## [WHAT THE EXERCISE ASKS]
Every line in the records below between the one holding "Very Rare Beaded Necklace Set - Gold" and the one holding "Portable Tire Inflator", inclusive, is to be set down exactly; all other lines are to be left out.

## [TASK INPUTS]
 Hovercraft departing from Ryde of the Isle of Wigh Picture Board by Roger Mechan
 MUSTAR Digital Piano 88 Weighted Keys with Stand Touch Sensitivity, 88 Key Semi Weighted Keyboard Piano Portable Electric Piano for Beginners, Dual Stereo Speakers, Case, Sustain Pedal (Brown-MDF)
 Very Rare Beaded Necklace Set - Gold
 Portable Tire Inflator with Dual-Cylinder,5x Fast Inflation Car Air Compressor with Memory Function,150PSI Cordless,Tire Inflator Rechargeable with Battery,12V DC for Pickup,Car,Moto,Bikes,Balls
* * *
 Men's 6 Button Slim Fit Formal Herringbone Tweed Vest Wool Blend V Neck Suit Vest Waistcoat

## [ANSWER SECTION]
 Very Rare Beaded Necklace Set - Gold
 Portable Tire Inflator with Dual-Cylinder,5x Fast Inflation Car Air Compressor with Memory Function,150PSI Cordless,Tire Inflator Rechargeable with Battery,12V DC for Pickup,Car,Moto,Bikes,Balls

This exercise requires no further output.